++++ Exercise materials ++++

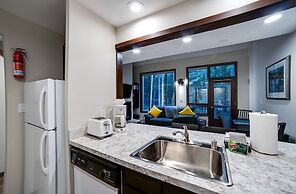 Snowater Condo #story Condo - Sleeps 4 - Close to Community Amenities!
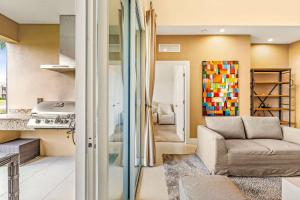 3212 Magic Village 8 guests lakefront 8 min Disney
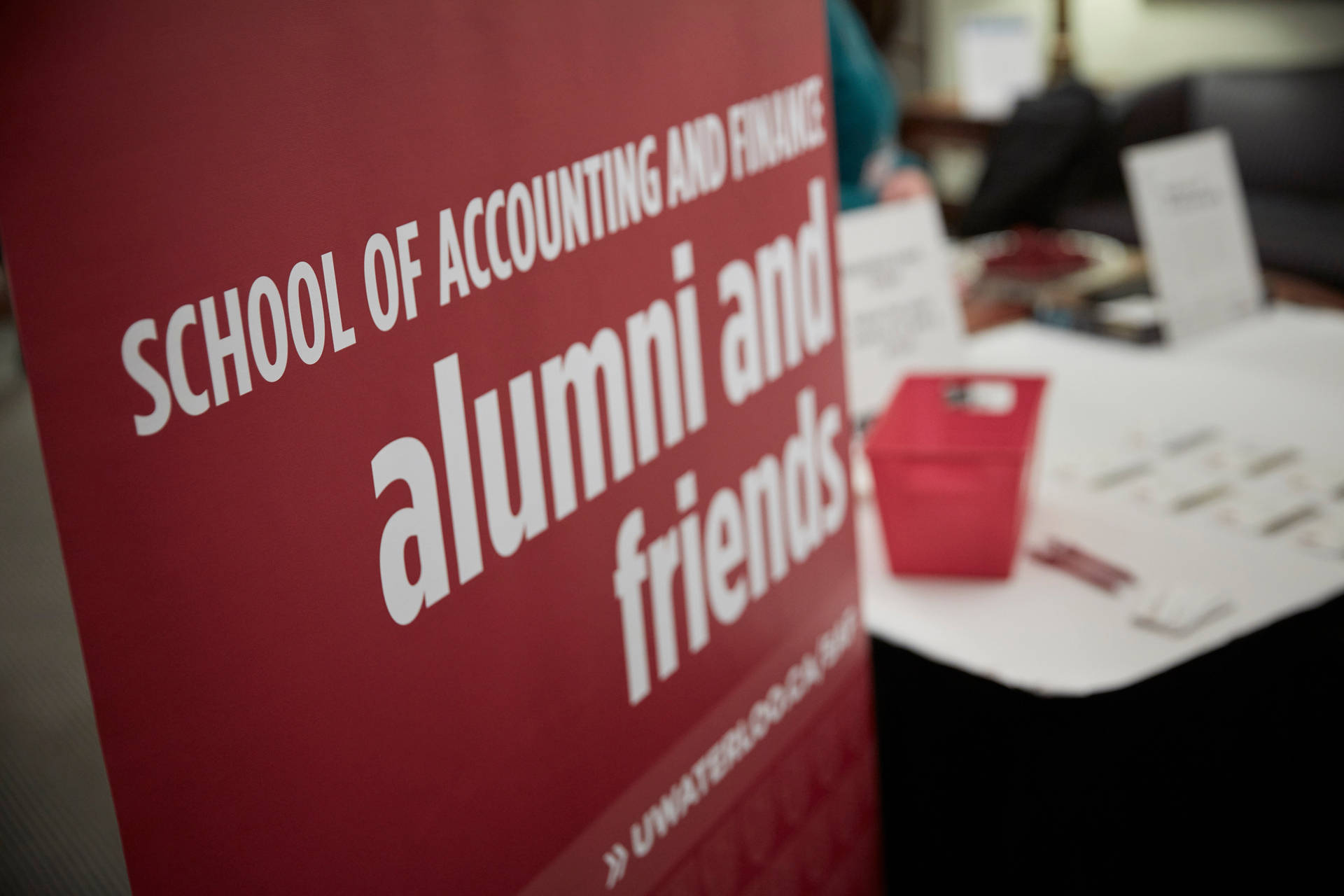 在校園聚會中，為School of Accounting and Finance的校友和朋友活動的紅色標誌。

++++
++++ Exercise materials ++++

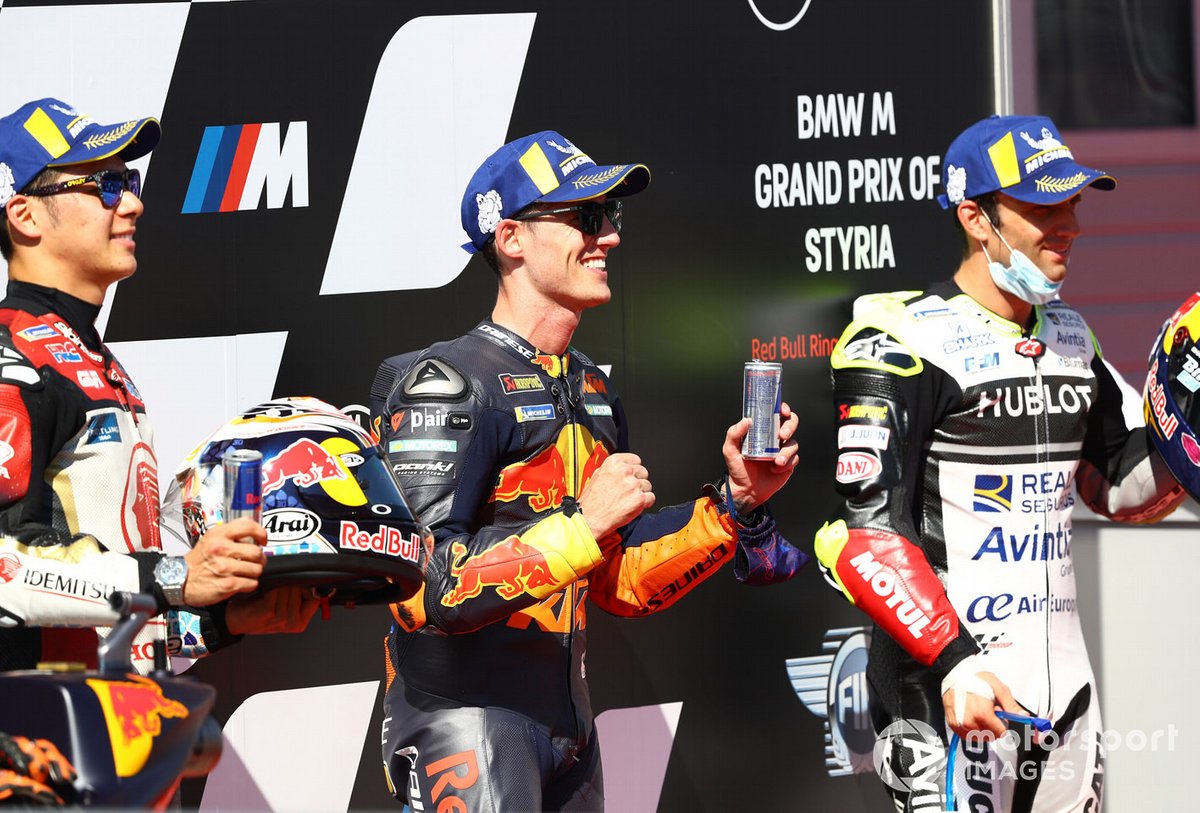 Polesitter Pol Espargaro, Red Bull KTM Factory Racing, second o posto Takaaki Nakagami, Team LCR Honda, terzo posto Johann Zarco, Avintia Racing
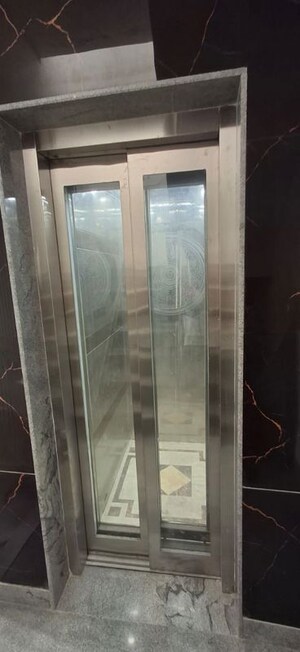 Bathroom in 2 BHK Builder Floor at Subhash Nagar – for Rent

++++

> Work request:
"Polesitter Pol Espargaro, Red" marks the first line to copy, and "Bathroom in 2" marks the last. Repeat that stretch above exactly, with no pictures.

> Result for this exercise:
 Polesitter Pol Espargaro, Red Bull KTM Factory Racing, second o posto Takaaki Nakagami, Team LCR Honda, terzo posto Johann Zarco, Avintia Racing
 Bathroom in 2 BHK Builder Floor at Subhash Nagar – for Rent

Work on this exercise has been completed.